Firstly, we try to apply \(\neg : \R\rightarrow\R\) to \({}_\cdot^{\neg\ 1} : \R\rightarrow\R\). \(\R\rightarrow\R\) doesn't match \(\R\), but it does match \(f\ \R\), where \(f = (a\rightarrow)\). So, we transform \(\neg\ {}_\cdot^{\neg\ 1}\) into \(\fmap\ \neg\ {}_\cdot^{\neg\ 1}\), which is \(\neg\circ{}_\cdot^{\neg\ 1}\), the negative reciprocal function. Let's call it \(\text{negrec} : \R\rightarrow\R\).

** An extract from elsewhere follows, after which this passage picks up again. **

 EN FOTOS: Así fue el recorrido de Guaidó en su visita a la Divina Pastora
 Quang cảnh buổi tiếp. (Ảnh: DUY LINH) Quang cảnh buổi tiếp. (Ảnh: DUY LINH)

Next, we try to apply that to \(D : (\R\rightarrow\R)\rightarrow \R\rightarrow\R\). \(D\)'s type certainly doesn't match the expected \(\R\), but it does match \(h\ (g\ \R)\), where \(g = (b\rightarrow)\) (where \(b = \R\)) and \(h = (c\rightarrow)\) (where \(c = \R\rightarrow\R\)). Note that it doesn't match \(i\ \R\) where \(i = ((\R\rightarrow\R)\rightarrow\R\rightarrow)\) because \(\rightarrow\) is not associative (it binds to the right). So, \(\text{negrec}\ D\) becomes \(\fmap\ (\fmap\ \text{negrec})\ D\), or \((\text{negrec}\circ{})\circ D\).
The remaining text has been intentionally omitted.